### Exercise aim:
Your output should be everything below from the line containing "Zara animal print" down to the line containing "undefined, Gresham Way, Wimbledon", both ends included, copied exactly, with pictures left out.

### The input:
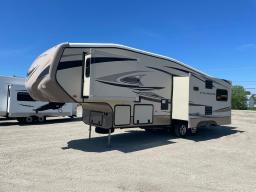 SAGUENAY: 2012 Cruiser 300ES 30' fifhtwheel | VIN: 4V0FC302XCE008611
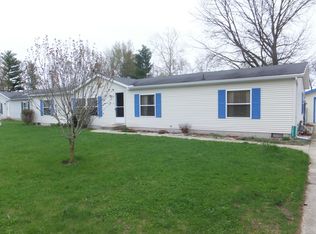 25833 Jill St, Edwardsburg, MI 49112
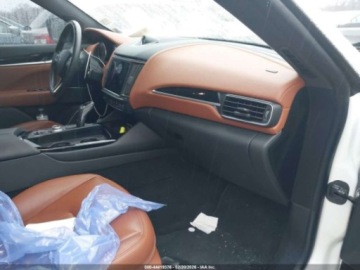 Maserati Levante 2021 Maserati Levante S 2021 3.0 Benzyna 424KM, zdjęcie 9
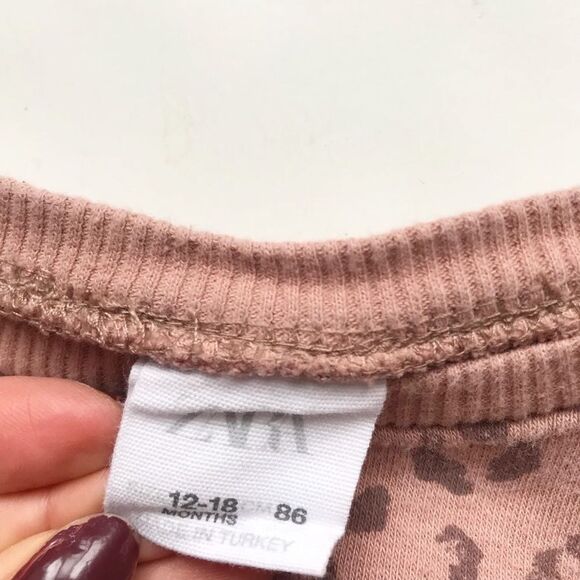 Zara animal print sweatshirt EUC 12-18 months - Picture 4 of 6
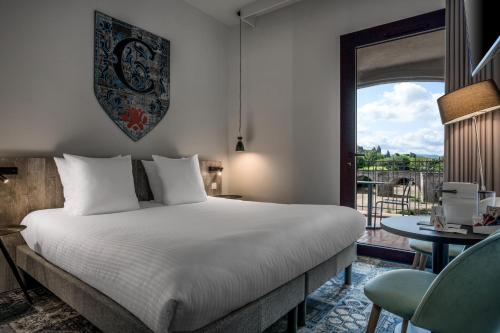 Habitación Doble Deluxe con vistas al castillo del hotel Sowell Hôtels Les Chevaliers. Foto 4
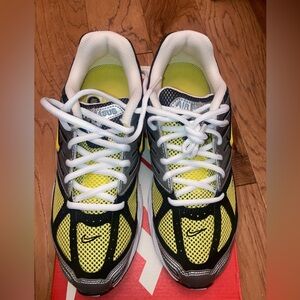 Nike Wmns Air Pegasus 2005 White Metallic Silver Black Yellow Women Size 8.5 New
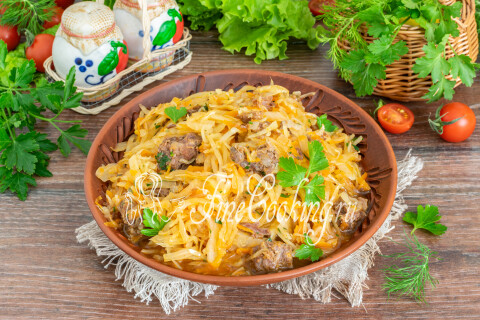 Тушёная капуста с говяжьей тушёнкой и овощами в тарелке, готовая к подаче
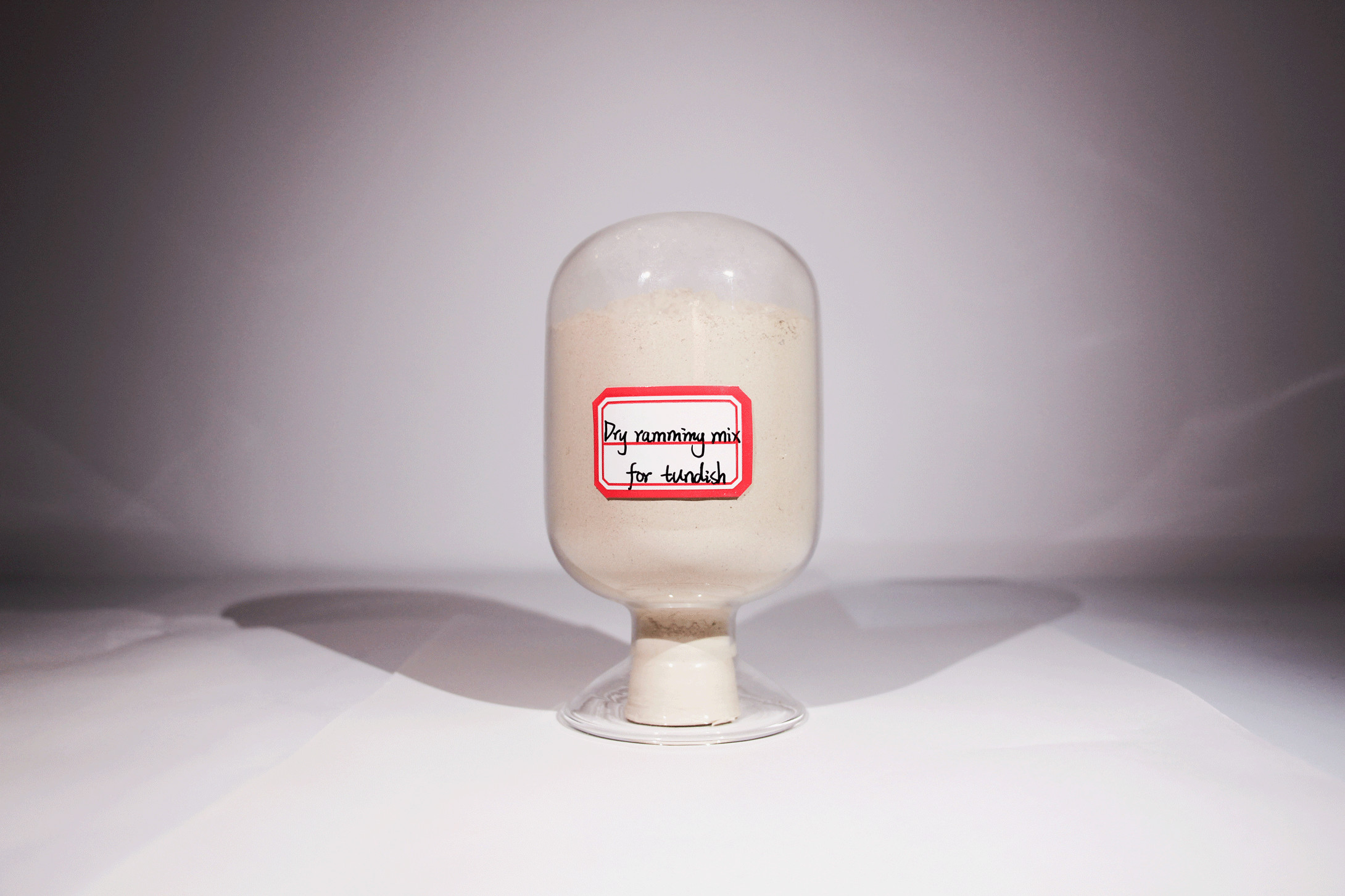 Mgo / Mgo - Cao Refractory Mix Long Service Life Good Thermal Insulation Effect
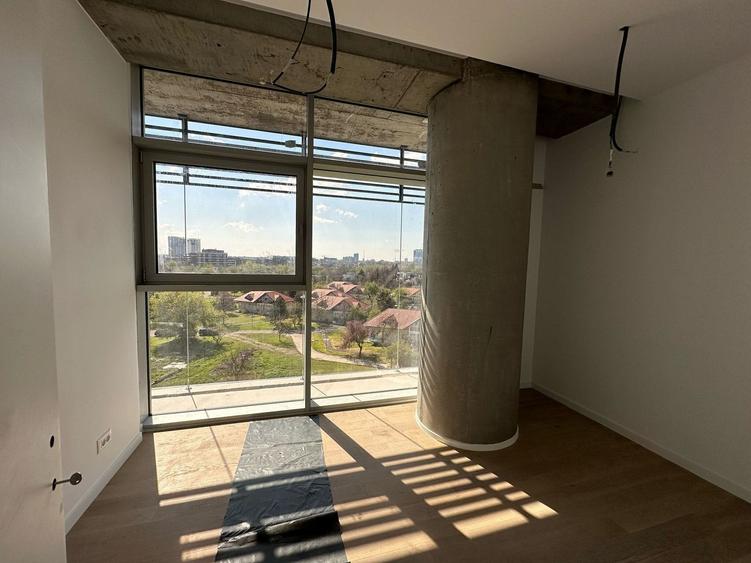 Apartament cu 3 camere decomandat în Floreasca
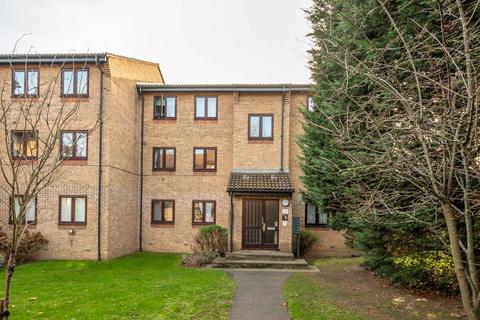 undefined, Gresham Way, Wimbledon Park, London, SW19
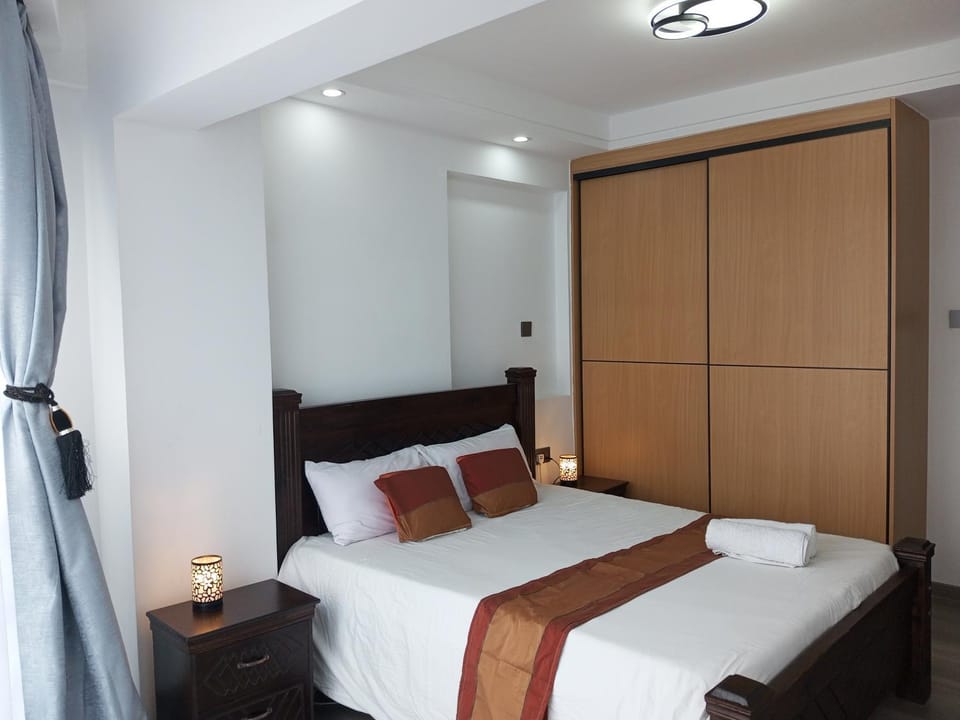 Bed, Photo of the whole room, Bedroom, wardrobe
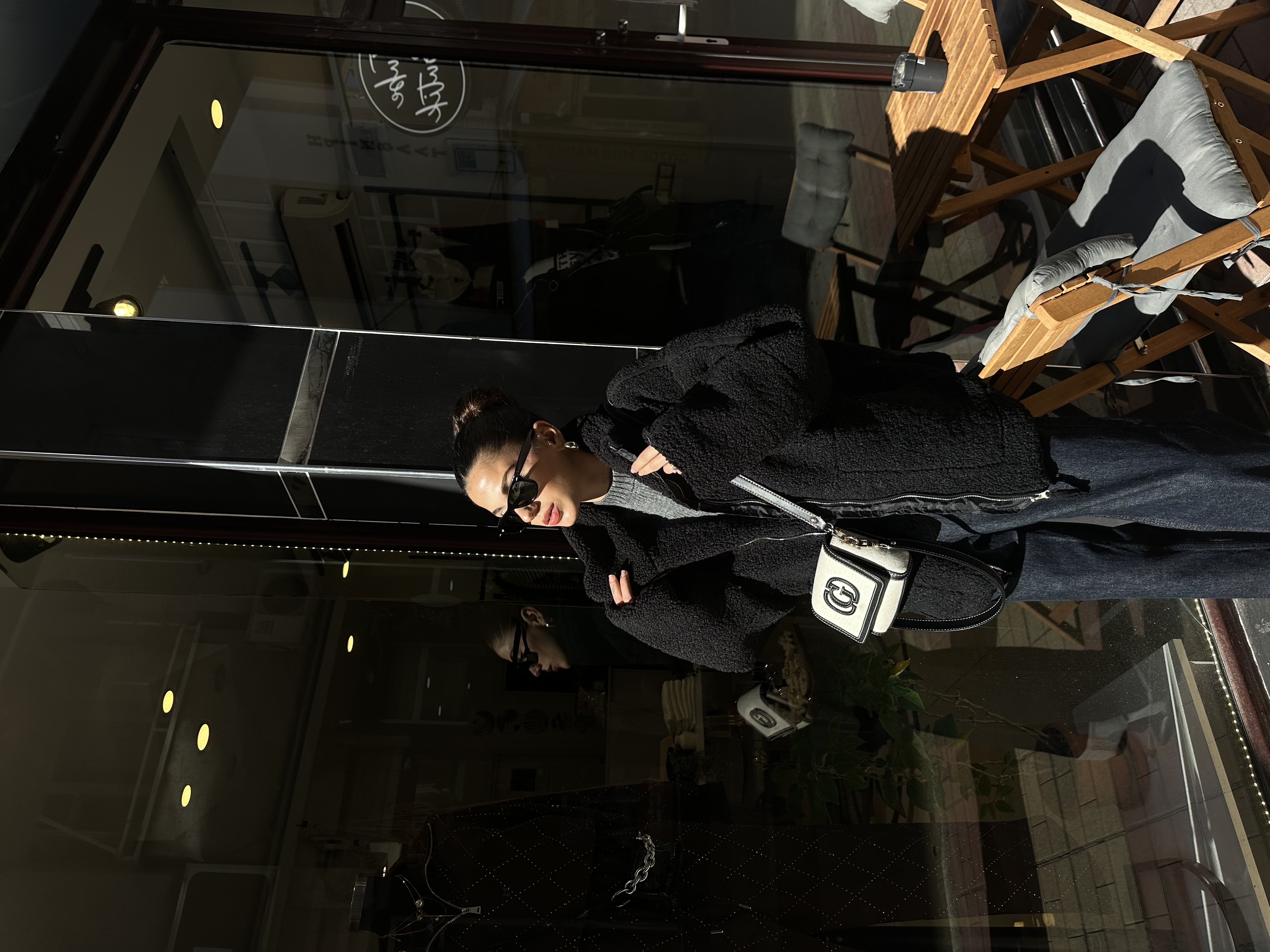 Siyah Çift Cepli Astarlı Peluş Mont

### Task solution:
 Zara animal print sweatshirt EUC 12-18 months - Picture 4 of 6
 Habitación Doble Deluxe con vistas al castillo del hotel Sowell Hôtels Les Chevaliers. Foto 4
 Nike Wmns Air Pegasus 2005 White Metallic Silver Black Yellow Women Size 8.5 New
 Тушёная капуста с говяжьей тушёнкой и овощами в тарелке, готовая к подаче
 Mgo / Mgo - Cao Refractory Mix Long Service Life Good Thermal Insulation Effect
 Apartament cu 3 camere decomandat în Floreasca
 undefined, Gresham Way, Wimbledon Park, London, SW19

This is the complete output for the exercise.